◆ **EXERCISE DETAILS**
In the material below, begin at the line that has "优秀的ddos攻击ip软件下载", stop after the line that has "Figi brazilian nia art. 1317 Gaia", and transcribe those lines exactly, without pictures.

◆ **THE DATA**
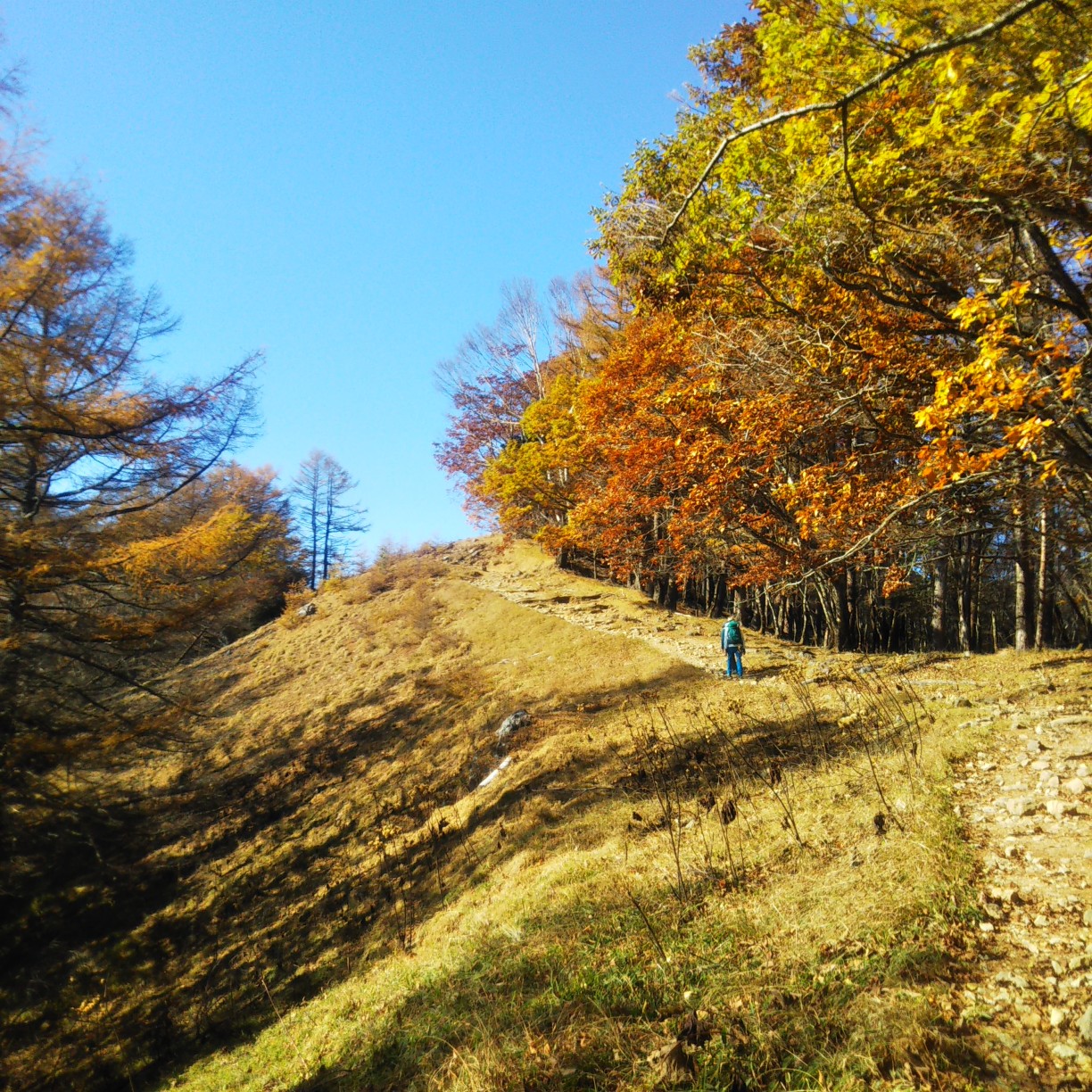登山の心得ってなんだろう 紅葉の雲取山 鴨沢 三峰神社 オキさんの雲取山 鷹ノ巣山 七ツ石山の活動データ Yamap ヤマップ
--
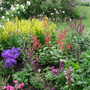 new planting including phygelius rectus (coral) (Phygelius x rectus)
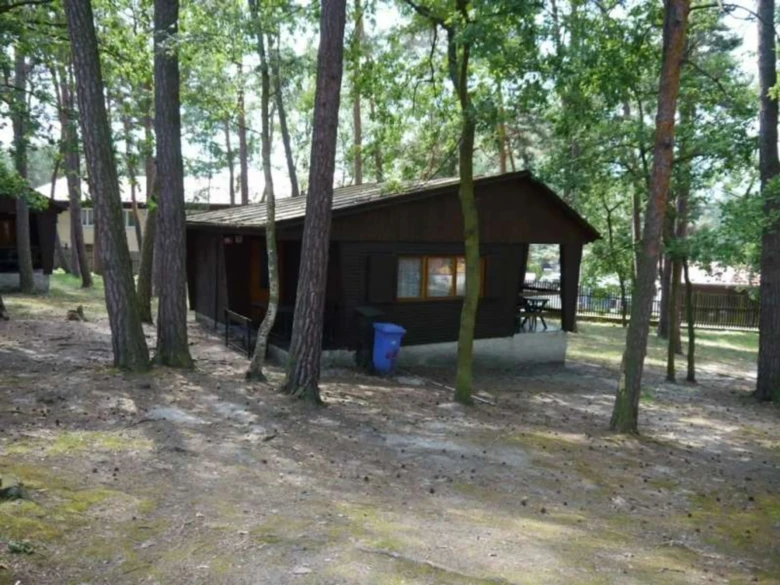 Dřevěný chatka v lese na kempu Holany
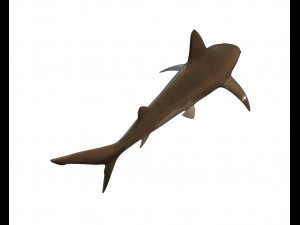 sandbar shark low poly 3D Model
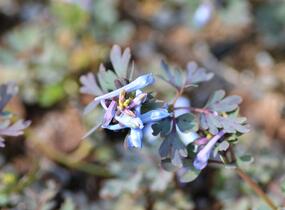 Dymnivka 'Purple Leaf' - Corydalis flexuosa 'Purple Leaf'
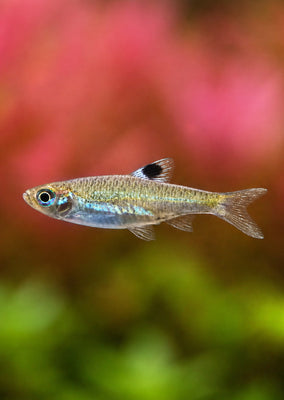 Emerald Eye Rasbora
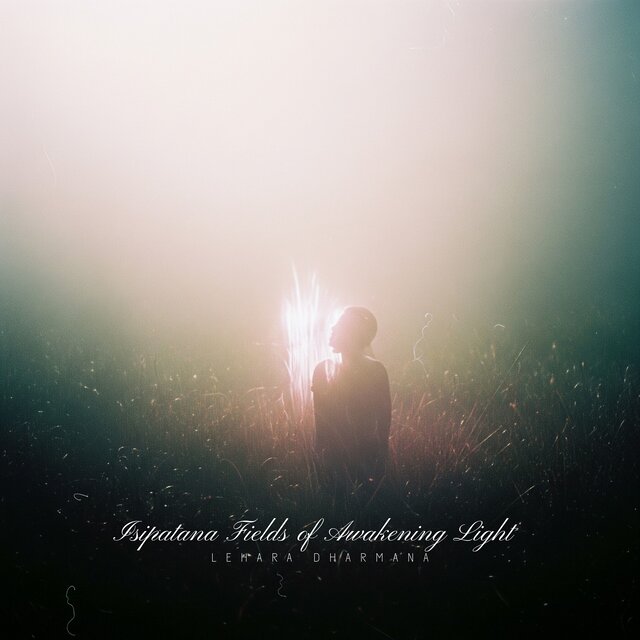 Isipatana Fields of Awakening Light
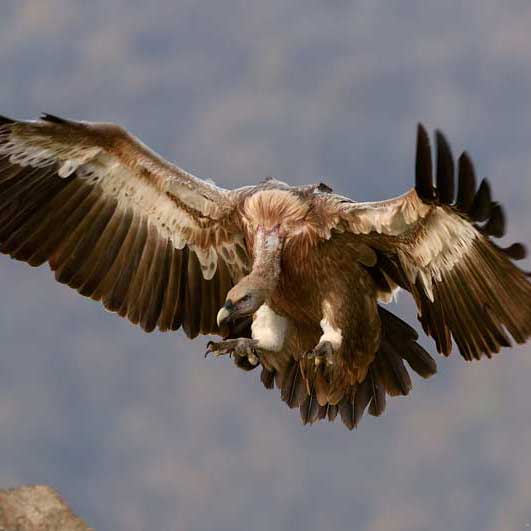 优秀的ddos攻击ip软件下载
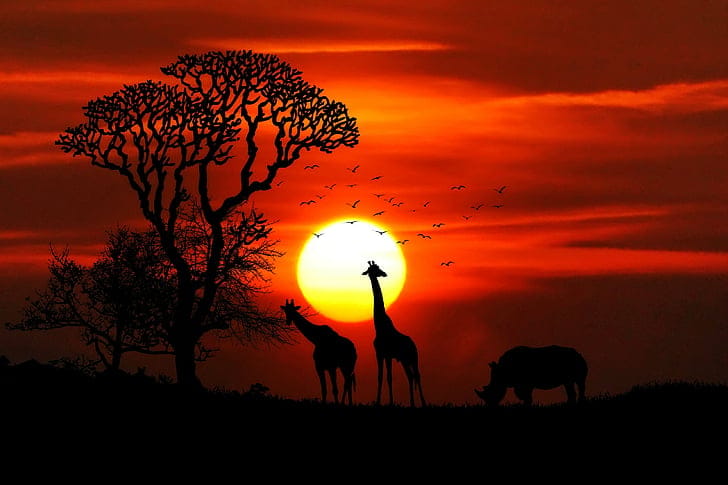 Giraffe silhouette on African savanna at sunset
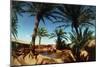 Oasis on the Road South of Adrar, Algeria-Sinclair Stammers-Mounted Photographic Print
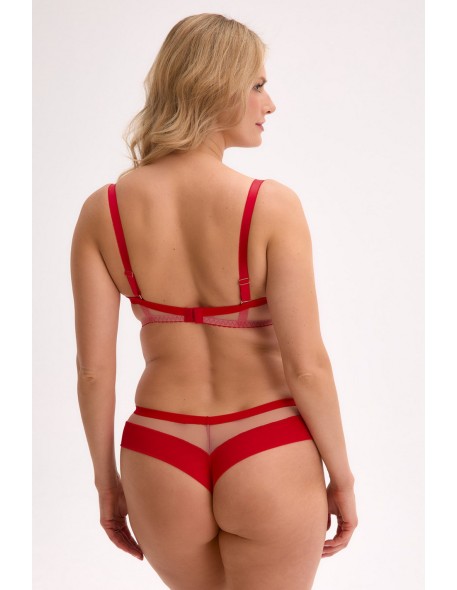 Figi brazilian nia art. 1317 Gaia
...
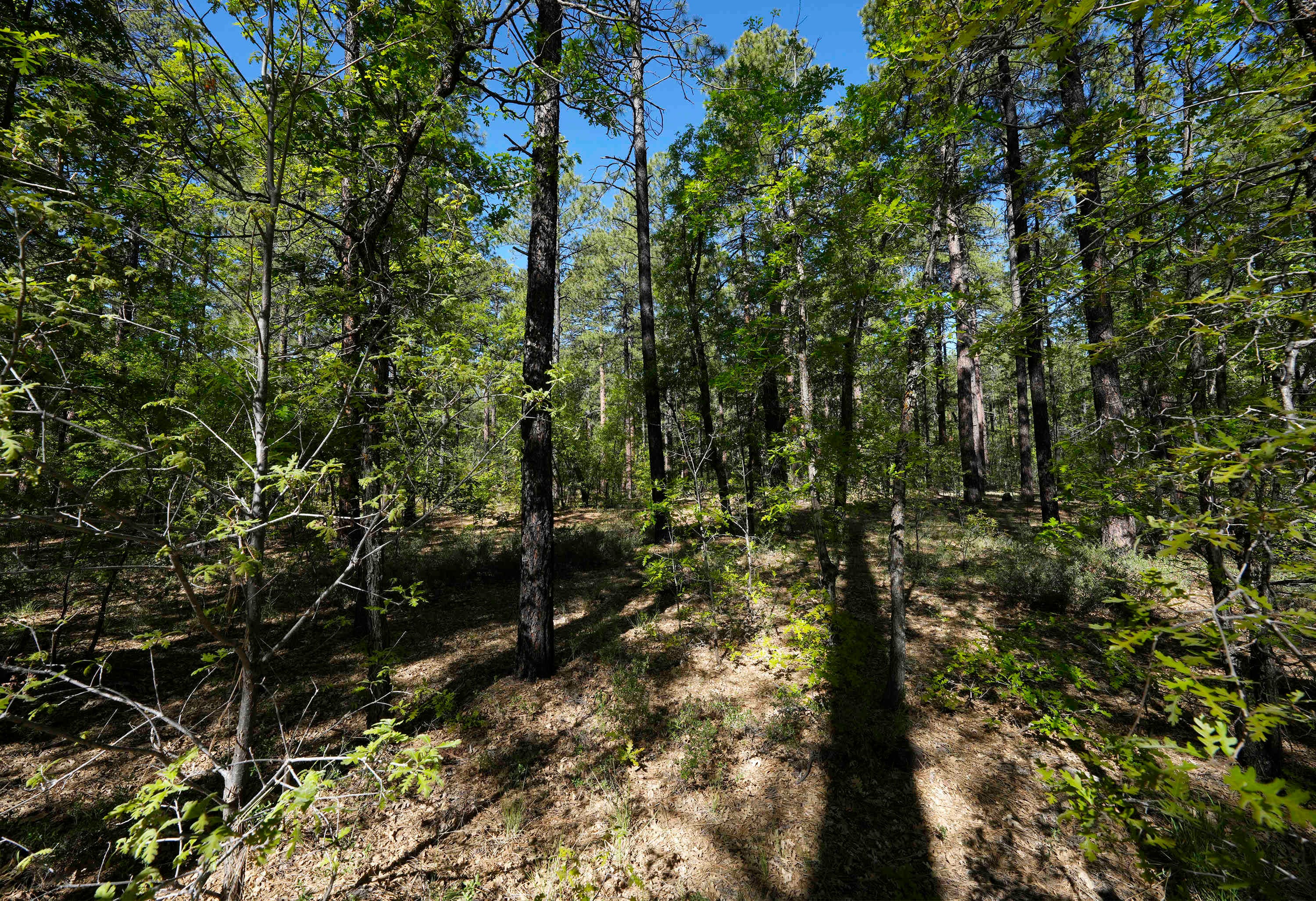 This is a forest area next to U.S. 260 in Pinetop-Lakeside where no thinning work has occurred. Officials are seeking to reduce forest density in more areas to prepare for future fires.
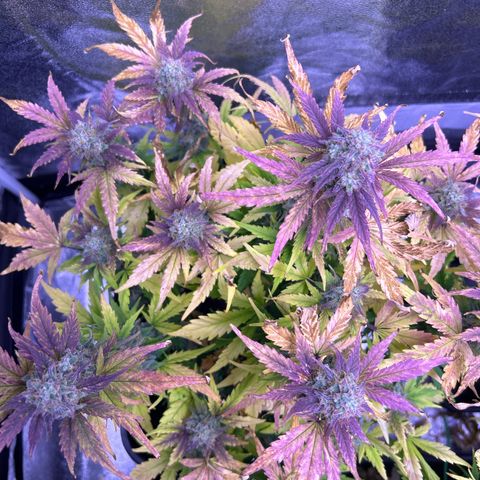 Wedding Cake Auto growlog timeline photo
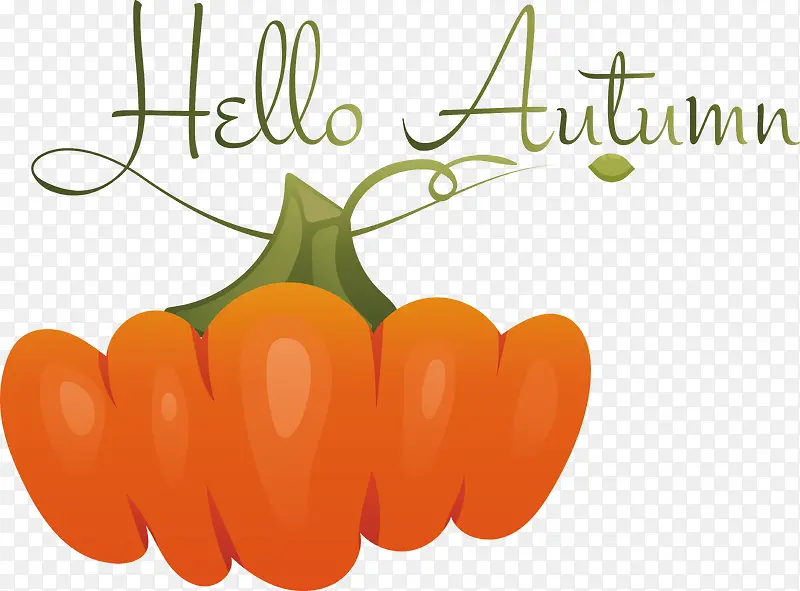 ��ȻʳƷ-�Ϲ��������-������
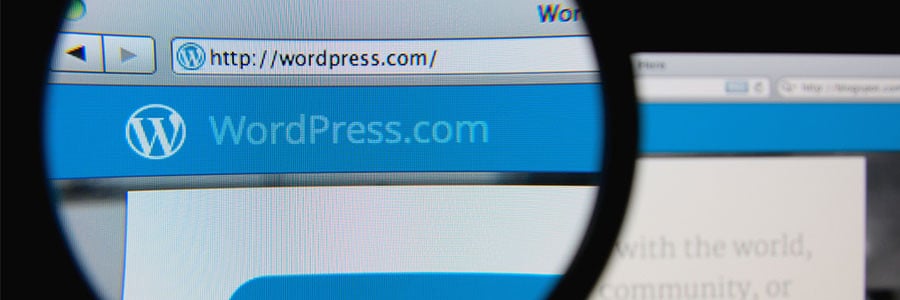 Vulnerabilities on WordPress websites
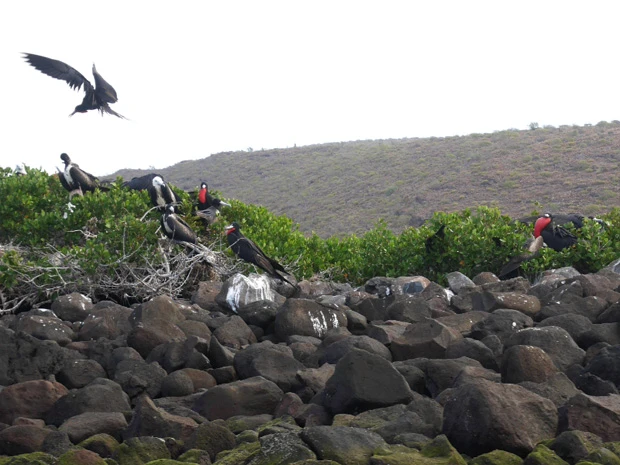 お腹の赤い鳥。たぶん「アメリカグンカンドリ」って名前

◆ **ANSWER AREA**
 优秀的ddos攻击ip软件下载
 Giraffe silhouette on African savanna at sunset
 Oasis on the Road South of Adrar, Algeria-Sinclair Stammers-Mounted Photographic Print
 Figi brazilian nia art. 1317 Gaia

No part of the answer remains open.